Today, I’m reading Edward Berlin’s great King of Ragtime, a biography of composer Scott Joplin. It’s not an ordinary bio. Before this book, much of what was known about Joplin was legend and assumption. Berlin conducted and collected the most minutely meticulous research available and his book catalogs the many questions raised by the new information. When Berlin takes a position, it is the most cautious, cool-headed judgment possible. I find the approach intensely gripping and beautiful … maybe it’s me.

Anyway, it turns out that Joplin wrote and staged the world’s first ragtime opera, entitled A Guest of Honor. Its subject was the 1901 visit of African American leader Booker T. Washington to the White House, where he dined with President Teddy Roosevelt. (Note: A reader suggests some controversy over the subject of this opera. See comments to this post.)

The visit was politically risky for the President, according to Berlin [euphemism added by me]:

Newspapers in the South condemned the invitation as an unwarranted attempt to place the black man on the same social plane as the white man; Roosevelt’s act put him in a category with Ulysses S. Grant, and he would never be forgiven. The Sedalia Sentinel printed a poem on page one entitled “[N-word]s in the White House,” which concludes with a black man marrying the President’s daughter.

Scott Joplin seems to have had kinder feelings toward the event. That a black educator would participate in that symbolic ritual of advancement, The White House dinner, seems to have meant a lot to the composer, who was then working to elevate ragtime — widely disparaged at the time as degenerate black noise — to a high art form.

In 1902, he named his latest two-step, “The Strenuous Life,” after a phrase in one of Roosevelt’s speeches. He staged the ragtime opera A Guest of Honor in 1903 — barely two years after the events it depicted.

So this was an opera about events as contemporary as Katrina’s landfall is today, in a form about as new as gypsy punk. In comparison, Nixon in China was conservative, portraying events of 15 years before in a 20-year-old music genre.

Working out these comparisons in more depth might bare a little fruit. While A Guest of Honor was probably meant to elevate a “low” form, some might say Nixon in China went the other direction, increasing the public’s (including my own) awareness of minimalism, a high art “descending” into popularity.

And so on … when Booker T. Washington visited Teddy Roosevelt, who was Nixon and who was China?
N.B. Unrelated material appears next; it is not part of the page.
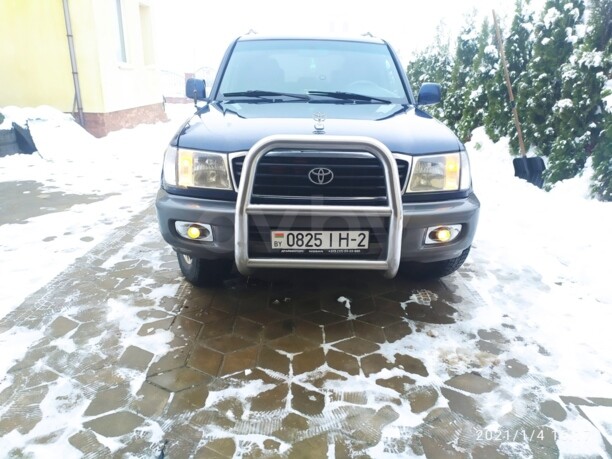 Toyota Land Cruiser J100, 5 мест, 2000 г.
But, for anyone seeking to compare the two operas, the biggest obstacle would be our collective amnesia — the same universal, maddening, heart-sickening forgetfulness I’ve encountered since beginning my own original research into music history.
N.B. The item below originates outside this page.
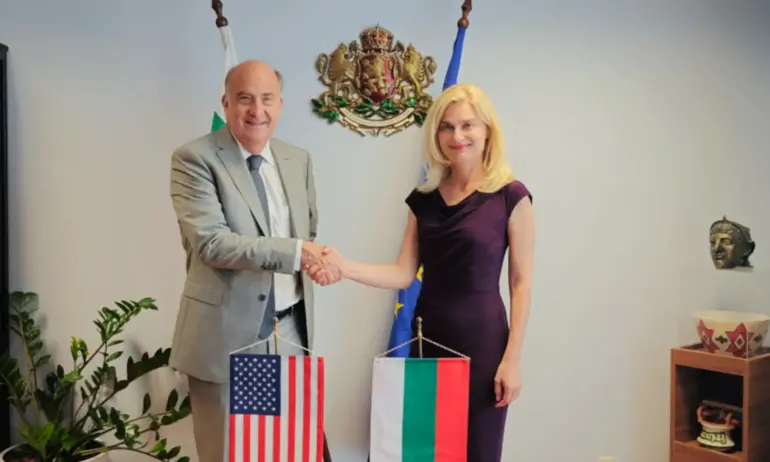 Зарица Динкова на работна среща с посланика на САЩ Кенет Мертен - Tribune.bg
Joplin brought A Guest of Honor to less than a dozen stages across the Midwest in September 1903, but — according to the best speculation Berlin can support — the production was robbed of its receipts in Springfield, Illinois. Unable even to pay the bill for the touring company’s stay at a Springfield boarding house, Joplin was forced to leave behind a trunk as collateral. It contained some of his personal effects, including unpublished manuscripts that may have included the score of A Guest of Honor. Those items were never recovered. Although a copyright for A Guest of Honor was applied for, the copyright office never received the customary copies of the score for its files.

In a book full of careful modifiers and provisional judgments, one sentence stands out for its disheartening brevity: “A Guest of Honor is lost.”
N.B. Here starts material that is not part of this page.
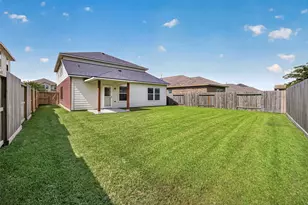 3011 Cambridge Meadows Ln, Dickinson, TX 77539 - Photo 21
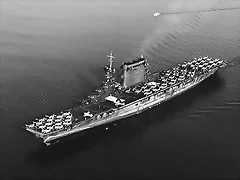 USS_Lexington_(CV-2)_leaving_San_Diego_on_14_October_1941_(80-G-416362)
Of course, various productions of Nixon in China are available from Amazon and iTunes in a variety of formats. Its memory is safe, despite having been composed in what I think of as our forgetful era. John Adams himself seems on track to be long remembered as one of the 20th Century’s major composers.

Though we’re more likely to learn about him on Antiques Roadshow or History Detectives than on Great Performances, the researcher who stumbles across an overlooked copy of A Guest of Honor would be remembered at least as long as Adams. Like Berlin’s King of Ragtime itself, the thought puts me in the mood to work.